Mr. Ritchie said DEC rejected a Bennington College soil survey, the did its own, and concealed the results. He said people should not be an experiment, we will control the narrative, the Hudson River Valley Valley is one of the most polluted places on Earth, as is the river, the state government brags about its brilliance, but go anywhere in New York and see the ill people. “Corporate profits,” he said, “are not worth my mother’s health.”

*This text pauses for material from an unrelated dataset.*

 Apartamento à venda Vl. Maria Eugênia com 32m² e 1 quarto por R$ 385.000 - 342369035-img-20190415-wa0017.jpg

Among action recommendations Mr. Ritchie offered are be loud and assert what we can assert. His coalition, he said won new city, county, and state legislation last year. DEC, he said, opposed the state legislation, and DEC cares more about illegal fishing than tire burning. He said it is time for communities to show their strength, Norlite has been killing us, his neighbors are dying of diseases only caused by poisons being emitted, we must elect sensible people to office, it is a matter of life and death, the Sanctuary For Independent Media are the best people in the Norlite fight, and power starts with you.

A question and answer session ensued. Matt Miller said Carver Laraway is promoting his green economy projects while downplaying his waste projects. Jane Williams said that at the end of World War Two. 98 percent of tires were recycled, fifty years ago we had very little plastics waste, Arizona grinds up tires into road beds, many things can be done with old tires, and, until recently, tires were not considered waste. Mike Ewall, she said, documented how the Obama Administration took major enforcement actions against the cement industry. She said Norlite has a brand new $30 million scrubber but had a fire a month ago. Matt Miller recommended that someone research who Lafarge donates campaign contributions to.

Christine Primomo identified three actions people can take. Contact newly elected state Senator Michele Hinchey, who represents Coeymans, and lobby her to introduce legislation to ban tire burning in New York State. Write letters to the editor of the Times Union, Schenectady Daily Gazette, Altamont Enterprise, Ravena News Herald, and the Spotlight newspapers. Join the Clean Air Coalition. “We need a lot of research help,” she said, and “We want to take our town back.”